Можно говорить о том, что Пирроново учение оказало заметное воздействие на формирование этики Эпикура, на его понимание счастья как атараксии, как отстранения, как умения стать выше и вне воздействия внешнего мира. Но можно — и это будет вернее — вспомнить о том, что и скептицизм и эпикуреизм явились отражением в сознании мыслящих, высокоразвитых и все прекрасно понимающих людей такого бытия, которое уже не предполагало иного счастья, кроме полного ухода во внутренний мир, в частную жизнь, кроме отстранения и безразличия ко всем метаморфозам становящейся все более чуждой реальности.

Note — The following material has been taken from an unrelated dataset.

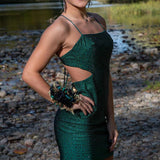 Dark Green Spaghetti Straps Short Homecoming Dresses with Beading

О, это печальное счастье бездействия, несовместимое с подлинным призванием человека на этой земле, призванием, которое есть прежде всего деяние и творчество, о, это горькое счастье вынужденного отстранения, полного отказа от того, с чем невозможно смириться и что невозможно исправить…

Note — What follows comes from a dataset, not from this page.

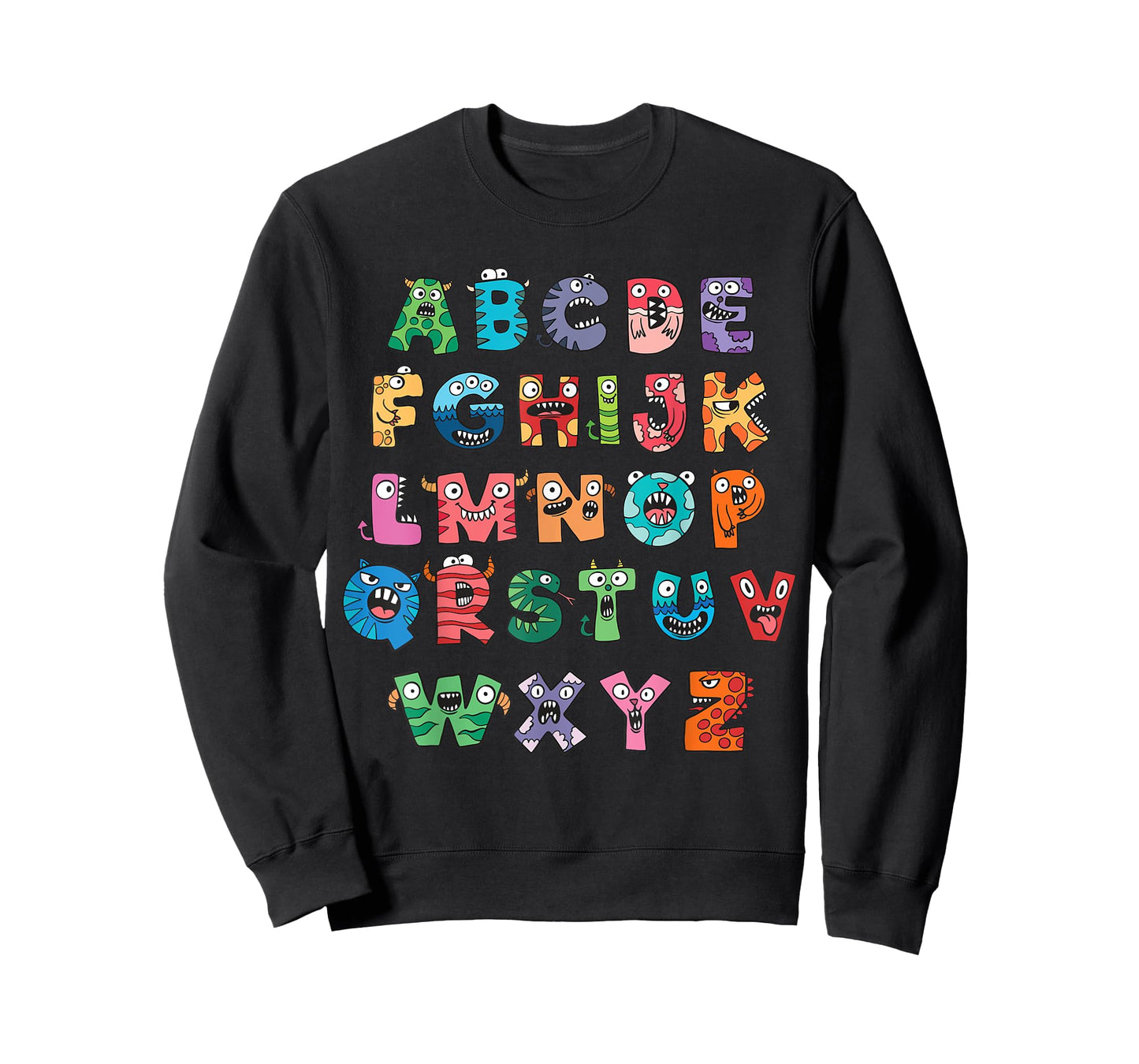 ABC Cute Monster Alphabet Halloween Teacher Costume Kids T-Shirt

Может быть, в силу открытого Гераклитом закона извечной борьбы противоречий тема счастья приобретает особое звучание в наиболее скудные и неопределенные времена, когда, казалось бы, только бы выжить, ан нет, людям хочется быть и счастливыми. И они вопрошают о счастье (что же это такое, людское счастье, в чем оно состоит и возможно ли оно?), рассуждают о нем, как рассуждали собиравшиеся в Эпикуровом саду, верят в него той неистребимой верой в возможность удовлетворения жизнью, которая, точно священный огонь, согревала, наверное, с самых изначальных времен человеческие сердца, питала их души, давала надежды и силы все пережить, преодолеть и сохраниться в своих делах и потомках. И не будем спрашивать строго с Садослова и его учеников, если им так хотелось невозможного — прожить счастливо и радостно, в здоровий тела и безмятежности души, даже тогда, когда вся их общая жизнь на глазах превращалась в свою противоположность.